=== Directions ===
Look below for the line containing "Lego Duplo Wild". Write out that line and the rest through the last one, exactly as they appear, but without pictures.

=== Source data ===
--------

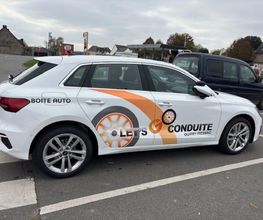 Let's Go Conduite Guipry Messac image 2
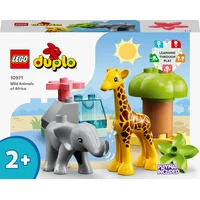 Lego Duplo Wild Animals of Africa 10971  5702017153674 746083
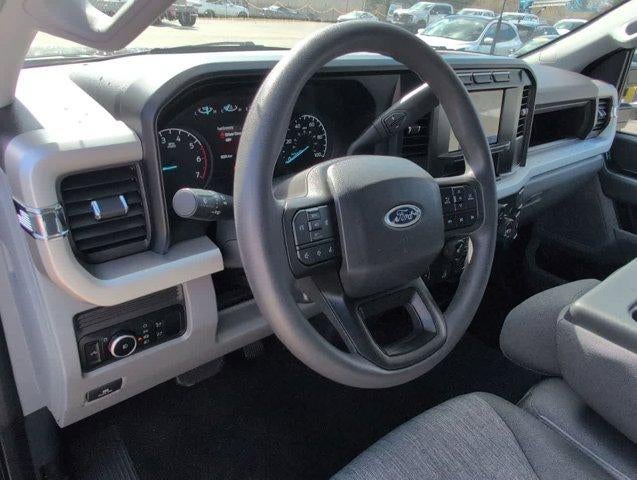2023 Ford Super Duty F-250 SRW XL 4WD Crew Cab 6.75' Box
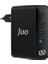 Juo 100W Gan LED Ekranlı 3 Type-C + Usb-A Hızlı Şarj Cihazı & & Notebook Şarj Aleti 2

--------

=== Task answer ===
 Lego Duplo Wild Animals of Africa 10971  5702017153674 746083
2023 Ford Super Duty F-250 SRW XL 4WD Crew Cab 6.75' Box
 Juo 100W Gan LED Ekranlı 3 Type-C + Usb-A Hızlı Şarj Cihazı & & Notebook Şarj Aleti 2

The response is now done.